【重读经典网络2】--ResNet

AI小花猫

于 2023-05-31 23:01:12 发布

阅读量138

点赞数

分类专栏：深度学习记录文章标签：网络深度学习人工智能

本文链接：https://blog.csdn.net/caobin_cumt/article/details/130895167

版权

深度学习记录专栏收录该内容

11 篇文章 0 订阅

订阅专栏

1、前言

深度学习模型可以通过增加网络深度来获得高级的语义信息，以增加模型的辨别能力，从而提高模型分类的准确性。伴随模型深度的增加，模型也将变得相对难以收敛，伴随而来的是梯度消失/梯度爆炸，应对方法是使用BN层+归一化的初始化参数方案。但是有了BN层以及归一化的初始化参数，模型的效果就会随着网络层的增加而无限制的增加吗？

答案可能是不行的，原因有二：其一，随着网络深度的增加，模型变得更加难以优化，因为梯度在经过激活函数后是一个属于0~1之间的数，随着网络深度的增加梯度会无限的接近0；其二，因为随着网络深度的增加，模型虽然可以收敛，但是模型在训练集和测试集上都会出现更高的误差，也就是出现所谓的退化问题。

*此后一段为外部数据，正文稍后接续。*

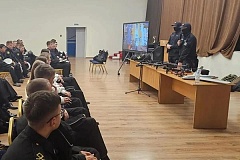 Спецназ Росгвардии провёл урок мужества для студентов московского колледжа   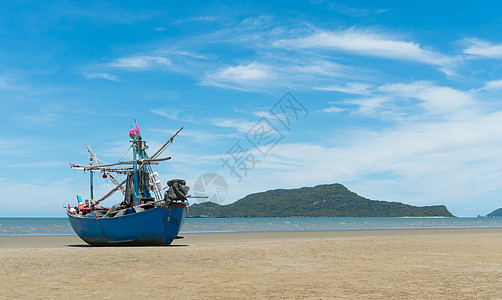 在Sam Roi Yod海滩上的蓝渔船 海洋图片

这和过拟合不太一样，过拟合是训练集误差很小，测试集误差特别大。

ResNet的出现，主要就是利用残差模块，解决了上述提到的模型退化问题。

在这里插入图片描述

2、残差网络

深层次的模型会出现退化现象，为了解决这一问题，何凯明提出使用残差网络来解决这个问题。
此节借鉴：深度学习：残差网络（ResNet），理论及代码结构以及残差网络

2.1 恒等映射

深度学习神经网络其实本质就是学习一个映射函数f()，使得输入x经过f()函数，可以得到对应的输出结果。
理想情况下，神经网络的层数越多，就越容易找到f(x)。如下图所示，随着神经网络层数的增加，可以拟合出的函数关系更多，看图中Fi(i=1…6)的面积就可以知道，而随着网络层的增加，拟合的函数关系式越来越接近f()。
在这里插入图片描述
真实场景下，如下图所示（非嵌套结构），随着神经网络的层数的增加，尽管可以拟合出的函数关系的范围会增大（即最后一层神经网络覆盖的面积），但很有可能反而越来越难以拟合出最接近 f() 的函数，因为f()可能仅仅只用f(3)就可以表达，过多层反而不易拟合出f()。
在这里插入图片描述
因此，只有当较复杂的函数类包含较小的函数类时，也即是较深网络所能拟合的函数关系包含较为浅层的网络所能拟合的函数时，我们才能确保持续提高网络的性能。否则网络在达到一定的深度过后，就会出现退化现象。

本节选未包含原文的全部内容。